Looking back at the Great Recession’s retail sweep; downtown Oroville’s revitalization moves forward
Forty years. Maybe it’s because I haven’t yet reached that milestone, but it’s hard to imagine something thriving for that amount of time, as the CN&R has. I mean, consider how different life was in 1977: the average rent was $240 a month; a new house cost about $50,000; gas was 65 cents a gallon; and the very first personal computers hit the market at less than $500 a pop.
I started working at the CN&R in 2006. Even that seems like a long time ago (apparently enough time to pen 868 stories). I’ve seen much change since then, and in the theme of this column, many businesses have come and gone. Among the most notable farewells were victims of the global economic crisis, places like Copeland Sports, Austin’s and McMahan’s furniture stores, Circuit City, Linens ‘N Things, Borders, Mervyn’s, Gottchalks and Tower Records. It feels like we’re going through another cycle much like that one—let’s hope it’s shorter and less widespread.
What’s old is new again I’ve been keeping my eye on the Oroville Inn’s restoration process and it appears the historic building has passed another hurdle. The grand ballroom, planned to be a community gathering space as well as a spot for private events, is now complete. The photos show a large, elegant room that’s surprisingly absent of a lot of intricacy compared with the entrance hall and building façade. I do know, however, that owner Bud Tracy went out in search of missing chandeliers and actually located them—so those that hang are the genuine article. To learn more or to book the space, call Debbie Moore at 990-7002.
Another milestone for the revitalization of downtown Oroville is the opening of The Exchange. I interviewed the business’ owners, Jesse Brown and Debi Mills, about six months ago as they were renovating the space inside the old Washington Block building (built in 1856!). And, the renovation is finally complete. Stop by the upscale bar/restaurant at 1975 Montgomery St. for tapas and a craft cocktail and enjoy the live music on Saturday nights. Go online (theexchangeoroville.com) for a full schedule of events.
Speaking of Oroville, I popped over to the Oroville Area Chamber of Commerce website earlier this week and noticed the “member spotlight” shining brightly on Walmart. That makes sense, I thought, as the city’s big-box recently opened a brand-spanking-new supercenter. I clicked on the link to find out more. Strangely enough, the writeup was all about walmart.com, an entity one can find anywhere—certainly not just Oroville—and which contributes nothing to the local economy.
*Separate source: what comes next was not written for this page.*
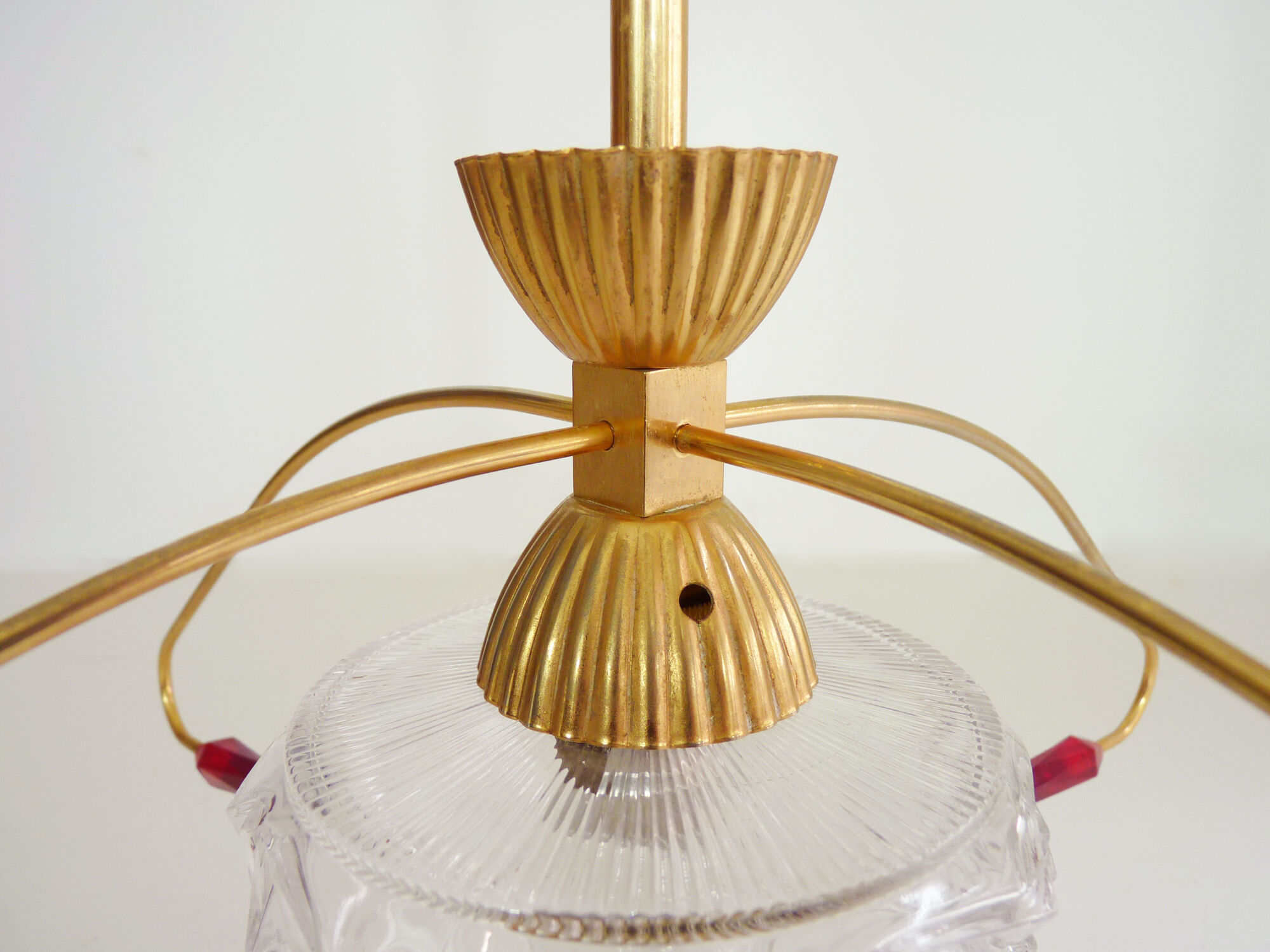 Brass chandelier with glass globe, 4 arrows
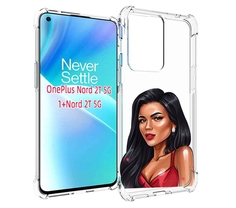 Чехол MyPads Брюнетка-в-красном-платье для OnePlus Nord 2T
I reached out to the chamber and was told simply that that’s what Walmart submitted. “They wanted to highlight the Wal-Mart website.” Seems to me that highlighting e-commerce, especially for a huge corporation that’s already got a presence in your town, actually does a disservice to other businesses and to local residents, as buying online diverts dollars from mom and pops and sends tax revenue out of town. I urge the chamber to exercise a bit more discretion before allowing businesses to tout anything they want on their website.